▶ [Exercise prompt]
In the material below, begin at the line that has "Bolivia 4 Reales", stop after the line that has "Petit Boum - Basket", and transcribe those lines exactly, without pictures.

** Opening Material to process block **

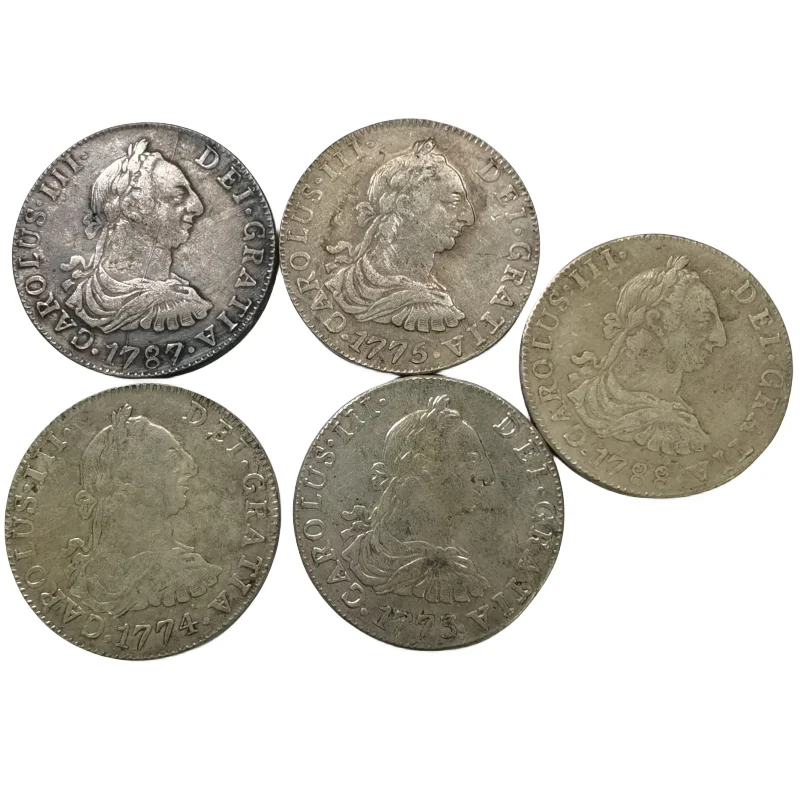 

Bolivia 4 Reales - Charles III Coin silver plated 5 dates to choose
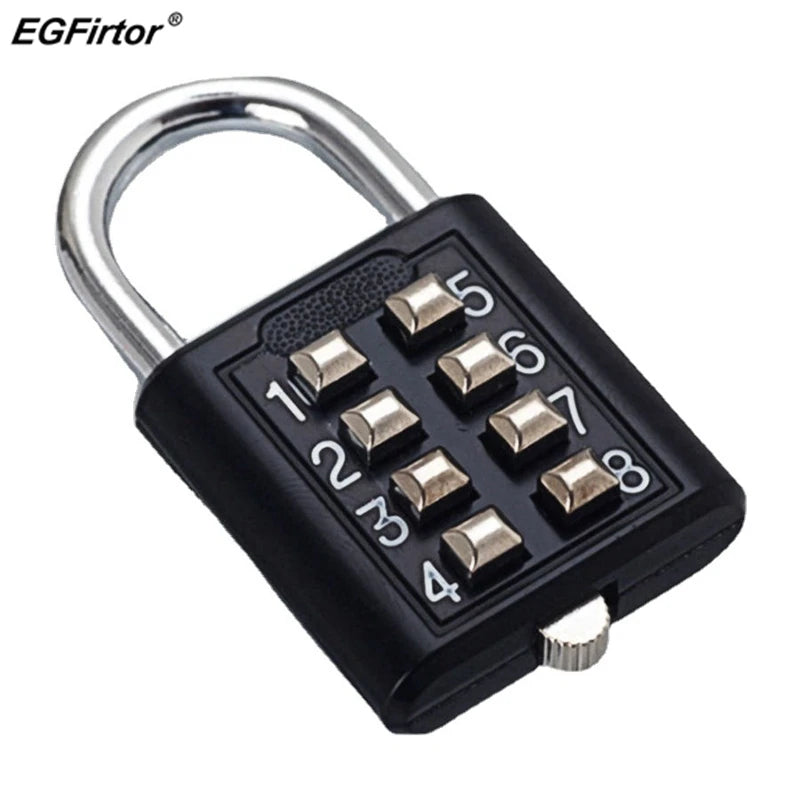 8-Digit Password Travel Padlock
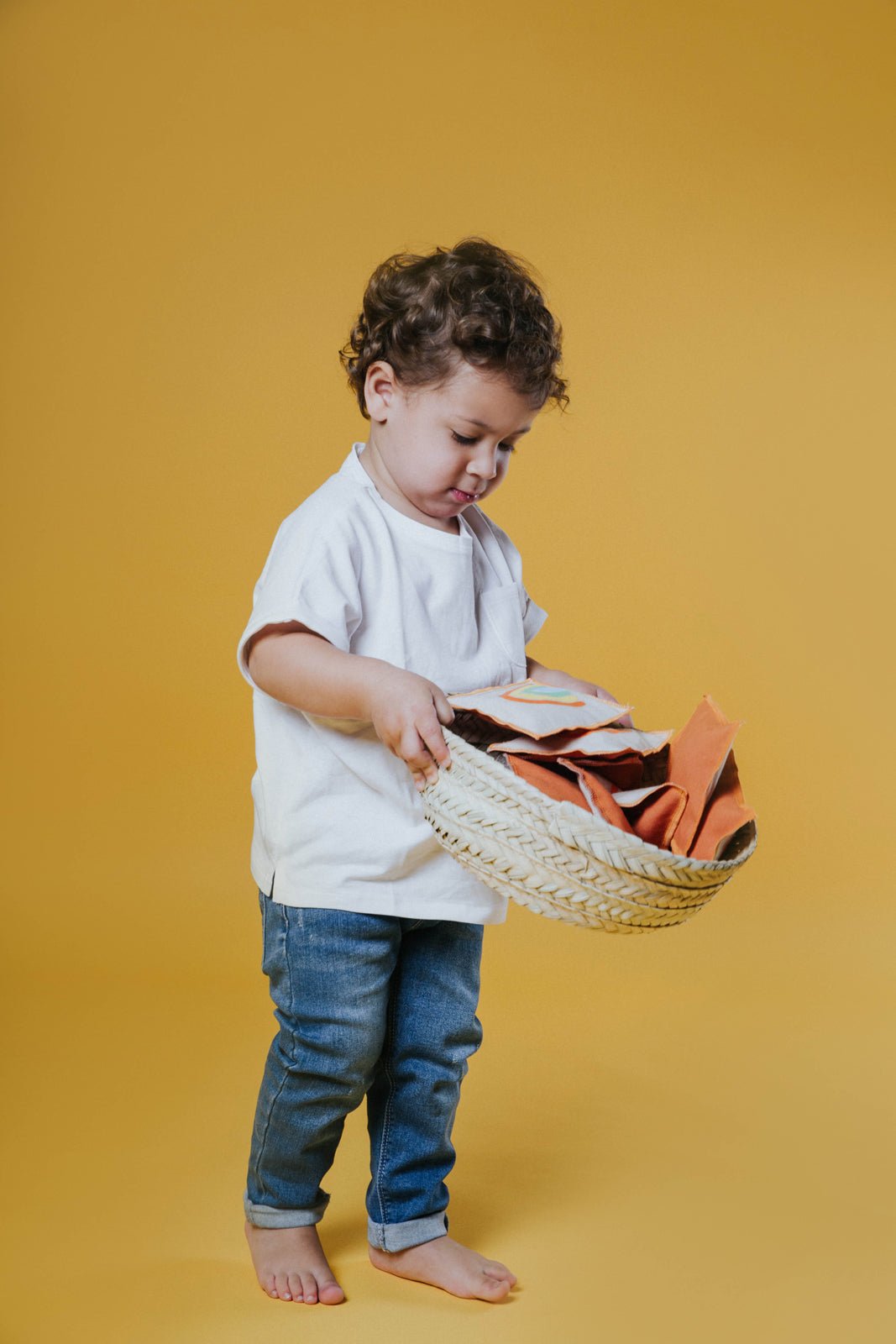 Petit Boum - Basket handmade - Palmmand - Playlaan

** Closing Material to process block **
** Opening Material to process block **

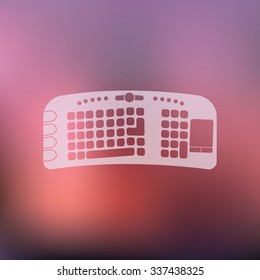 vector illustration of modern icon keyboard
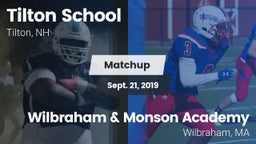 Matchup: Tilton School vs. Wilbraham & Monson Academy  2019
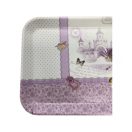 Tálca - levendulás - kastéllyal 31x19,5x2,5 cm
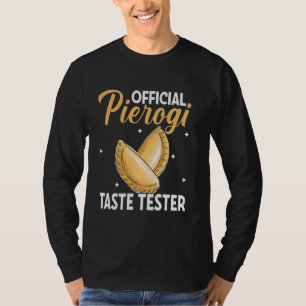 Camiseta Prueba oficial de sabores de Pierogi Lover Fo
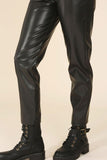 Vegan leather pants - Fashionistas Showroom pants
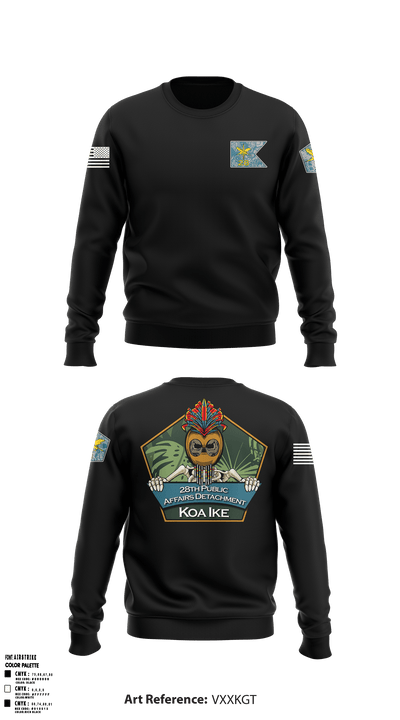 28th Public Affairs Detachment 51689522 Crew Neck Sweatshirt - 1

** Closing Material to process block **

▶ [The completed task]
Bolivia 4 Reales - Charles III Coin silver plated 5 dates to choose
 8-Digit Password Travel Padlock
 Petit Boum - Basket handmade - Palmmand - Playlaan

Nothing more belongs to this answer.